Search code examples
phphtmldomdocument

Save multiple HTML bodies as one using DOMDocument


I have a string containing multiple <html><body><div>Content</div></body></html> Tags. I want to get all Contents an join them to one valid Structure. For example:

<html><body><div>Content</div></body></html>
<html><body><div>Content</div></body></html>
<html><body><div>Content</div></body></html>

Should be:

<html>
    <body>
        <div>Content</div>
        <div>Content</div>
        <div>Content</div>
    </body>
</html>

My current Code looks like this:

    libxml_use_internal_errors(true);
    $newDom = new DOMDocument();

    $newBody = "";

    $newDom->loadHTML(mb_convert_encoding($html, 'HTML-ENTITIES', 'UTF-8'));

    $bodyTags = $newDom->getElementsByTagName("body");

    foreach($bodyTags as $body) {
        $newBody .= $newDom->saveHTML($body);
    }

$newBody now contains all body Tags:

<body><div>Content</div></body>
<body><div>Content</div></body>
<body><div>Content</div></body>

How can I only save the HTML Content of each body Tag in $newBody?

Edit:

Based on @NigelRen s Answer this is my Solution:

    libxml_use_internal_errors(true);
    $newDom = new DOMDocument();

    $newBody = '';
    $newDom->loadHTML(mb_convert_encoding($html, 'HTML-ENTITIES', 'UTF-8'));

    $bodyTags = $newDom->getElementsByTagName("body");

    foreach($bodyTags as $body) {
        foreach ($body->childNodes as $node)   {
            $newBody .= $newDom->saveHTML($node);
        }
    }

    $newDom = new DOMDocument();
    $newDom->loadHTML(mb_convert_encoding($newBody, 'HTML-ENTITIES', 'UTF-8'));
    $newBody = $newDom->saveHTML();

Solution

  • It's awkward as when you use loadHTML() it will attempt to fix the HTML in your original document. This creates a structure which isn't what you might think it is.

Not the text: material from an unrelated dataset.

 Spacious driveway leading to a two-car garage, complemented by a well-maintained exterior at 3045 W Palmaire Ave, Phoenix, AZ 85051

    BUT, if you have a basic outline of the document, the following will copy the contents of the <body> tags to a new document (comments in code)...

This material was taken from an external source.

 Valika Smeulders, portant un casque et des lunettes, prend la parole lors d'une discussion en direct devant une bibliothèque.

    $html = '<html><body><div>Content1</div></body></html>
    <html><body><div>Content2</div></body></html>
    <html><body><div>Content3</div></body></html>';
    
    libxml_use_internal_errors(true);
    $newDom = new DOMDocument();
    
    // New document with final code
    $newBody = new DOMDocument();
    
    $newDom->loadHTML(mb_convert_encoding($html, 'HTML-ENTITIES', 'UTF-8'));
    
    // Set up basic template for new doucument
    $newBody->loadHTML("<html><body /></html>");
    // Find where to add any new content
    $addBody = $newBody->getElementsByTagName("body")[0];
    // Find the existing content to add
    $bodyTags = $newDom->getElementsByTagName("body");
    foreach($bodyTags as $body) {
        // Add all of the contents of the <body> tag into the new document
        foreach ( $body->childNodes as $node )   {
            // Import the node to copy to the new document and add it in
            $addBody->appendChild($newBody->importNode($node, true));
        }
    }
    echo $newBody->saveHTML();
    

    which gives...

    <!DOCTYPE html PUBLIC "-//W3C//DTD HTML 4.0 Transitional//EN" "http://www.w3.org/TR/REC-html40/loose.dtd">
    <html><body><div>Content1</div><div>Content2</div><div>Content3</div></body></html>
    

    The limitations are that any content outside of the <body> tags and any attributes of the <body> tag are not preserved.